Audit a MySQL or MariaDB database (English)

2018-08-26

  english    database 

Just as you take care to monitor and keep your applications up to date, it is also important to take care of the engines that serve your data because it is the most critical brick of your application: if your data is corrupted or cannot be updated in the time allowed, your application will be directly impacted.

It is therefore important to audit your database, even if you do not yet encounter any particular problem but in order to warn you to be victim of your success afterwards.

Audit MySQL MariaDB

In this article, I deliberately chose to rely on MySQL / MariaDB databases, having had experience auditing this database engine.

First of all, know your database

The most important thing to manage a database is to know the data and to be aware of the use of each table.

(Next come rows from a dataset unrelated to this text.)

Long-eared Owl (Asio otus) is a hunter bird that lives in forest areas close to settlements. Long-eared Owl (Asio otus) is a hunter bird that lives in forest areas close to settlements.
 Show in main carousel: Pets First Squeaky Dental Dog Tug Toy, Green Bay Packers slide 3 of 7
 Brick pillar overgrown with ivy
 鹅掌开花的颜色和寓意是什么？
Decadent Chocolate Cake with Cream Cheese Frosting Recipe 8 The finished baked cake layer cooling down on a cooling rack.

The following query will therefore help you to get a quick overview of a database:


SELECT table_name, engine, row_format, table_rows, ROUND(((data_length + index_length) / 1024 / 1024), 2) AS "size (mb)"
FROM information_schema.tables
WHERE table_schema = "video"
ORDER BY (data_length + index_length) DESC;

This request will return something looking to the following:

table_name engine row_format table_rows size (mb)
content InnoDB Dynamic 304434 210.89
video InnoDB Dynamic 277810 143.67
media InnoDB Dynamic 502889 101.31

The data reported by these fields are as follows:

  • table_name: The table name,
  • engine: The engine used to store data in this table (by default InnoDB since MySQL version 5.5.5),
  • row_format: The formatting type of the table (the default value is defined by the variable innodb_default_row_format), its value can be DYNAMIC, COMPRESSED, REDUNDANT or COMPACT,
  • table_rows: The number of lines in the table,
  • size: The size (in megabytes) of the table,
Formatting files containing your data

As previously mentioned, InnoDB is now the default engine for MySQL and MariaDB.

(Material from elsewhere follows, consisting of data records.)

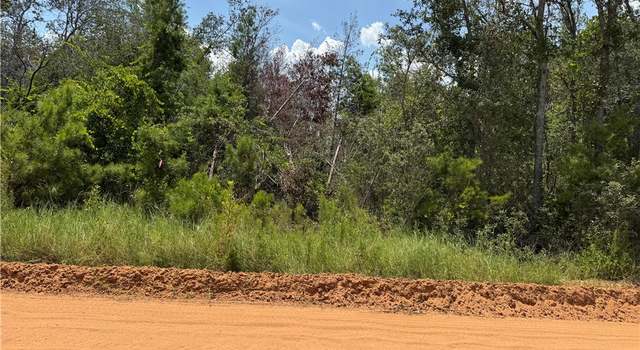 Photo of (40) Chatterton Church Rd, GA 31554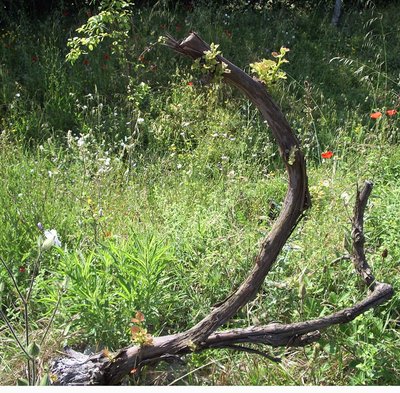 IMGP9160.jpg (351.1 KiB) Osservato 1178 volte IMGP9160.jpg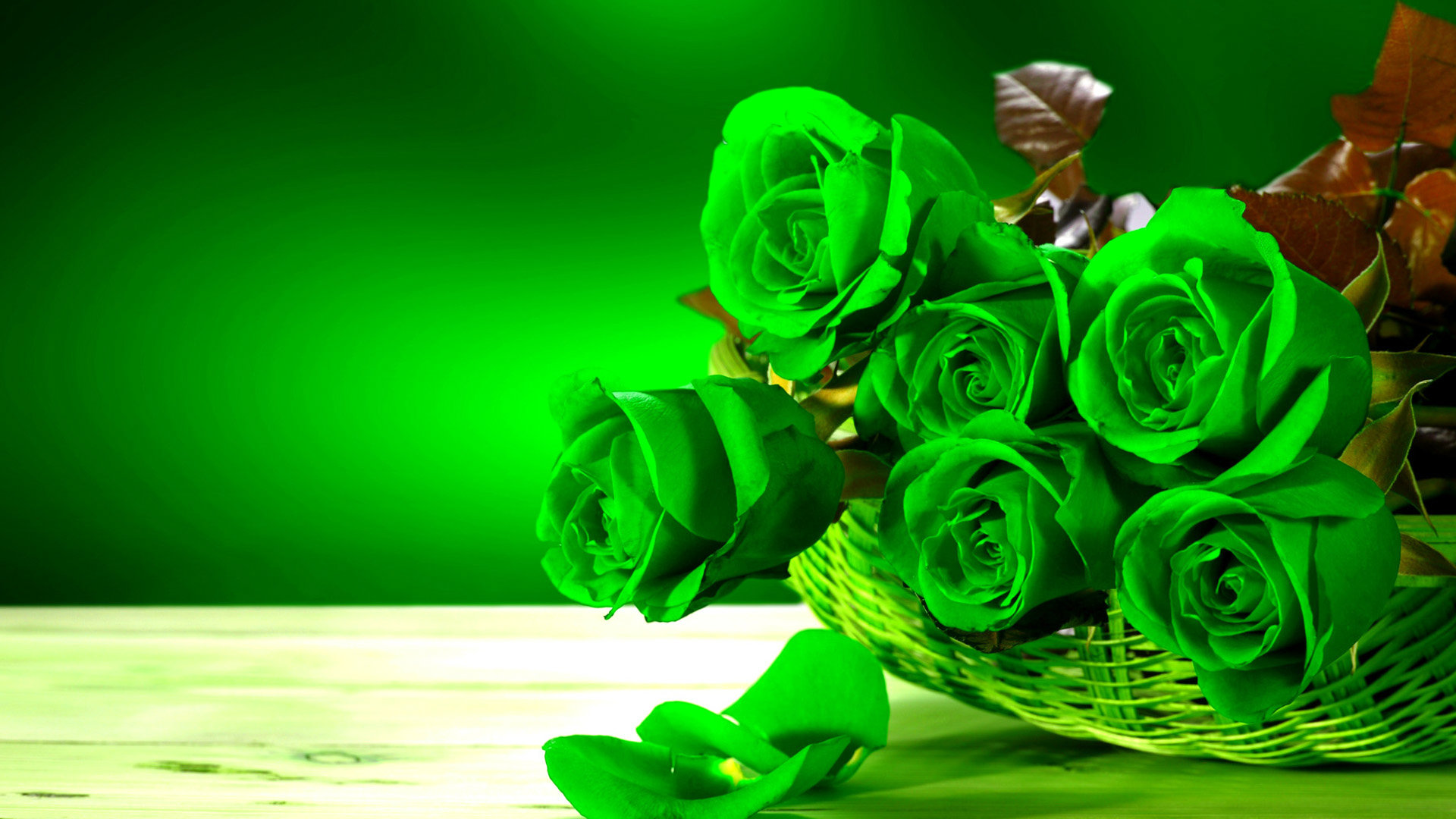 Beautiful Rose Hd Wallpapers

InnoDB has evolved over time and now supports two file format types: Antelope and Barracuda.

Antelope supports data formats (row_format) REDUNDANT and COMPACT/p> In order, the REDUNDANT format was used by default in MySQL then it was replaced by the COMPACT type which allowed to better manage the representation of null values and the length of columns.


Barracuda is the latest data format version that supports data formatting (row_format) COMPRESSED and DYNAMIC.

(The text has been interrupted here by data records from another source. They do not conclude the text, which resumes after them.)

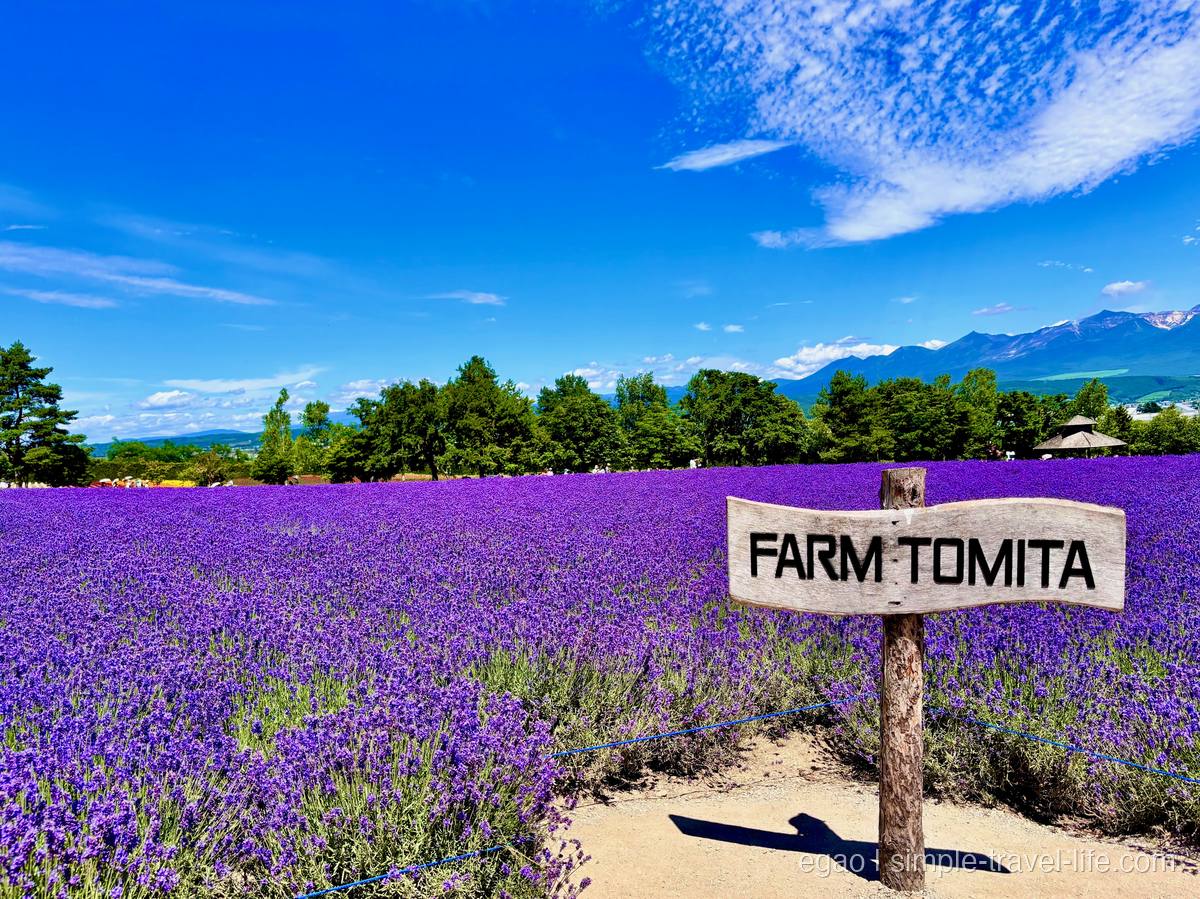 FARM TOMITAの看板とラベンダー畑、奥に十勝岳連峰
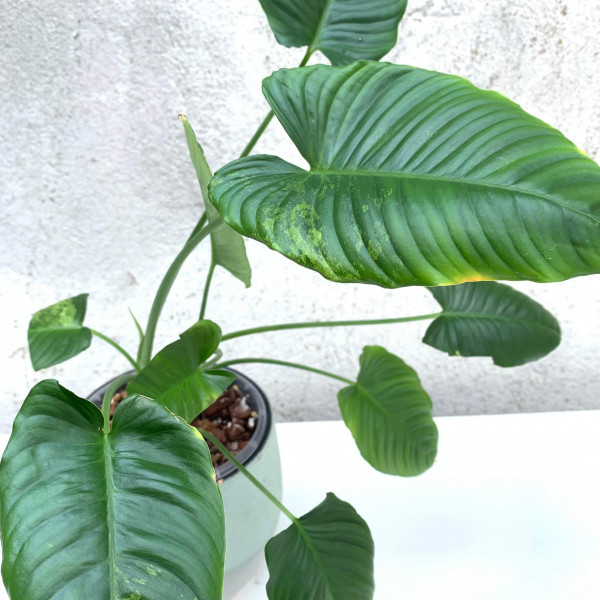 Homalomena rubescens „long form“ variegata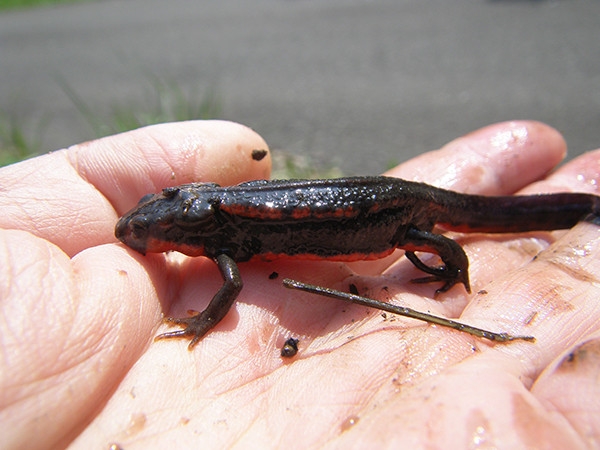 f:id:OIKAWAMARU:20140327171957j:image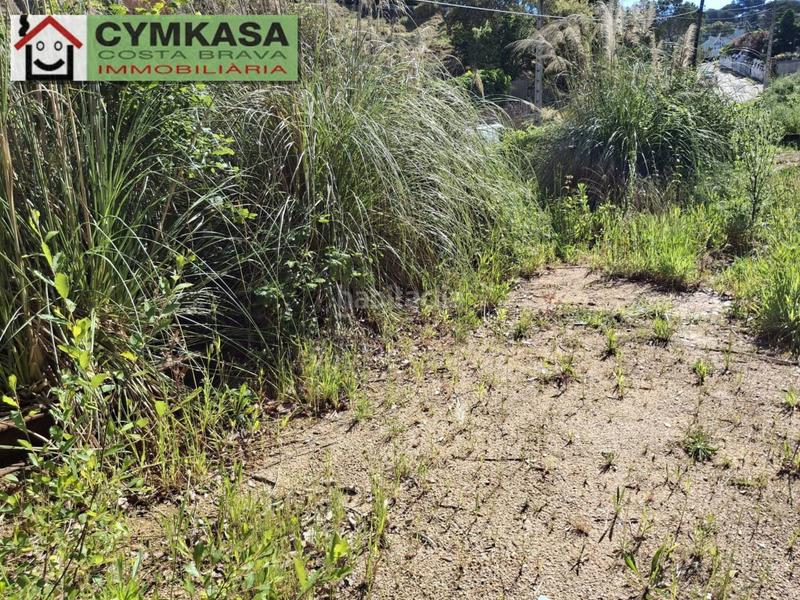 Foto d978ba00-7ba9-4547-b5a3-bba1f3307f07. Terrain résidentiel dans Montbarbat Maçanet de la Selva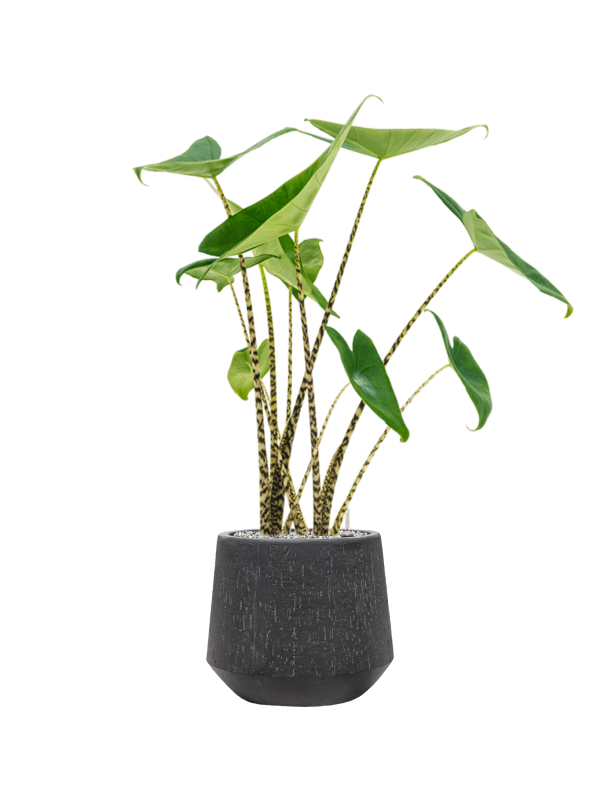 Alocasia zebrina — Baq Raindrop Anthracite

Both formats can store very large fields outside the rest of the data and all indexes and large fields are compressed, saving memory and disk space.

The DYNAMIC format is an improved version that also allows you to add less data to the buffer used when executing queries, thus saving you I/O operations and CPU and memory performance.


To summarize, you will prefer today to use the Barracuda engine (used by default), more recent and more optimized. In addition, it allows you to better manage large BLOB or TEXT fields and allows you to manage larger columns (varchar(255) with utf8mb4).

System configuration

The system configuration of your server depends a lot on the use of your database, both in terms of storage and querying.


InnoDB allocates by default 128MB of RAM for its buffer and this value can be modified via the parameter innodb_buffer_pool_size.

It is generally recommended to allocate about 60% of the available physical memory to this parameter.


SHOW VARIABLES LIKE 'innodb_buffer_pool_size';

Variable_name Value
innodb_buffer_pool_size 134217728

This value is therefore the default value (134217728 / 1024 / 1024 = 128).

MySQL configuration

MySQL exposes about 500 configuration variables, we will only skip to the most important and those that can quickly help you.

These are the values that you will have to refine according to the elements that we will analyze in the following article.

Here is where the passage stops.